As we go through them one by one, a picture emerges of a police force committed to protecting its own reputation above the public interest. The report shows how at each turn (in its own words) “the Metropolitan Police placed the reputation of the organisation above the need for accountability and transparency”. It details the failings thoroughly, with the panel using the word “corruption” over 700 times in the space of more than 1,200 pages.
Indeed, the report goes further than alleging corruption: it concludes that there has been dishonesty on the part of the UK’s largest police force. It states: “Concealing or denying failings, for the sake of the organisation’s public image, is dishonesty on the part of the organisation for reputational benefit and constitutes a form of institutional corruption.”
What makes the corruption described institutional — rather than the fault of a “few bad apples” — is that the failings referred to occurred at all levels of the organisation, and in investigation after investigation. This cannot be explained by the misconduct of a few unprofessional individuals, but instead is directly related to the culture and practices of the police. In describing the corruption this way, the panel draws a conscious parallel with the 1999 Macpherson report into “institutional racism” in the Met.
Of course, the findings may be ignored or shrugged off. But the sheer accumulation of detail and its methodological rigour mean the report cannot be dismissed.
What makes it of current relevance, rather than a mere historical exercise, is that the operation of the panel was subject to systematic obstruction by the police.
In one remarkable passage, the panel explains that it encountered significant obstruction and that “the contact between the panel and the Metropolitan Police resembled police contact with litigants rather than with a body established by the home secretary to enquire into the case”. The panel was set up in 2013, but the final documents were not received from the police until March 2021.

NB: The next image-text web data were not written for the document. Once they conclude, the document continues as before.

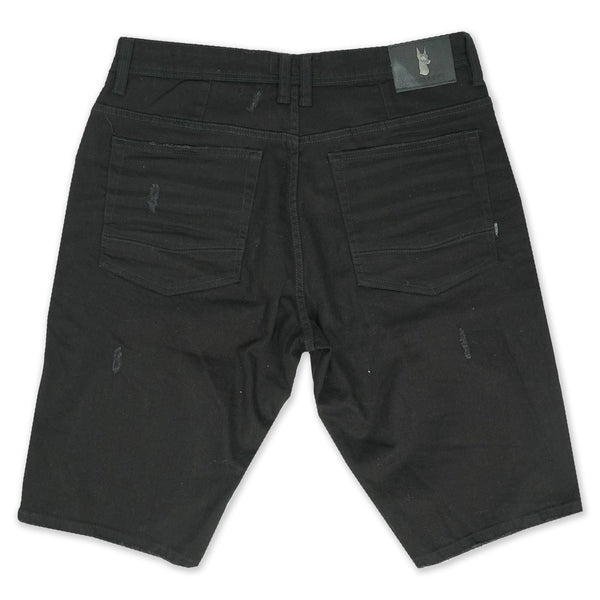 MEN'S MAKOBI STINSON SHREDDED SHORTS W/PAINT SPLASH (BLACK)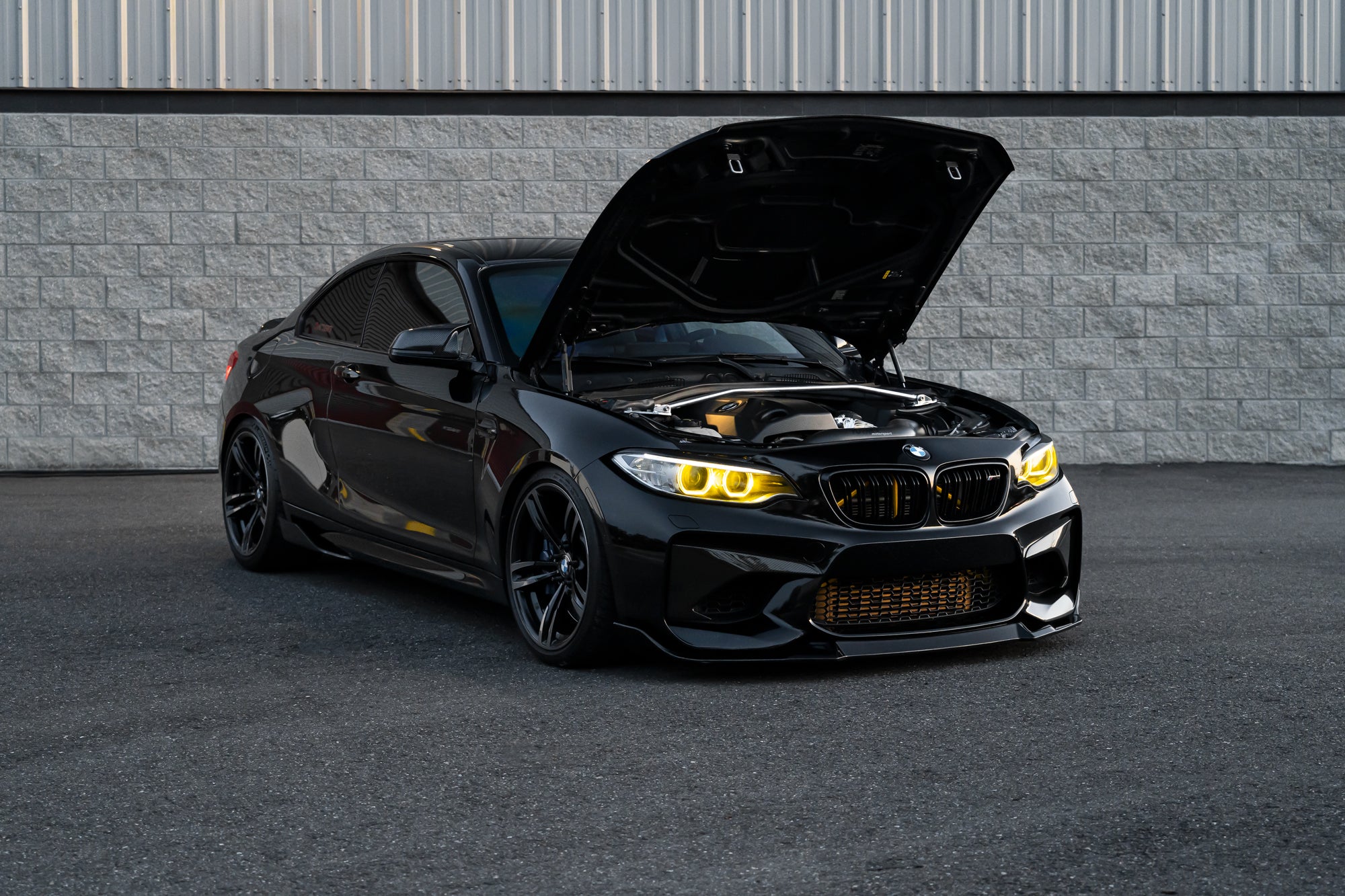 BMW F87 M2 Modified Engine with Front Yellow DRL.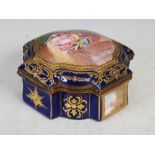A 19th century Sevres style gilt metal mounted cobalt blue ground porcelain casket/ sewing box, of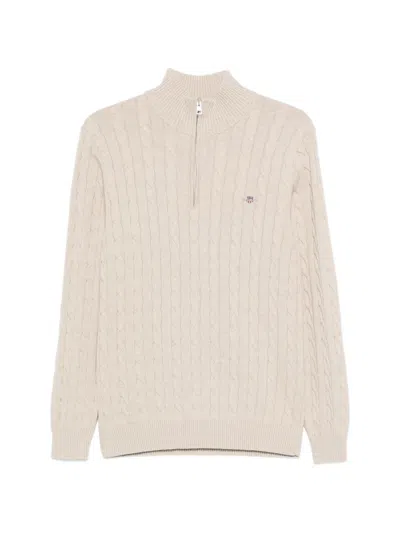 Gant Cable-knit Quarter-zip Sweater In Multi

That the panel was able to produce such a solid report is all the more commendable given that it was not a statutory inquiry and so had no powers to compel documents or witness evidence.
The quality of this report puts the successive investigations into Morgan’s murder to shame. And because the panel’s work has been so thorough, its conclusions will not be easy to avoid. There is a serious institutional corruption problem at the Metropolitan Police, and that cannot now be gainsaid.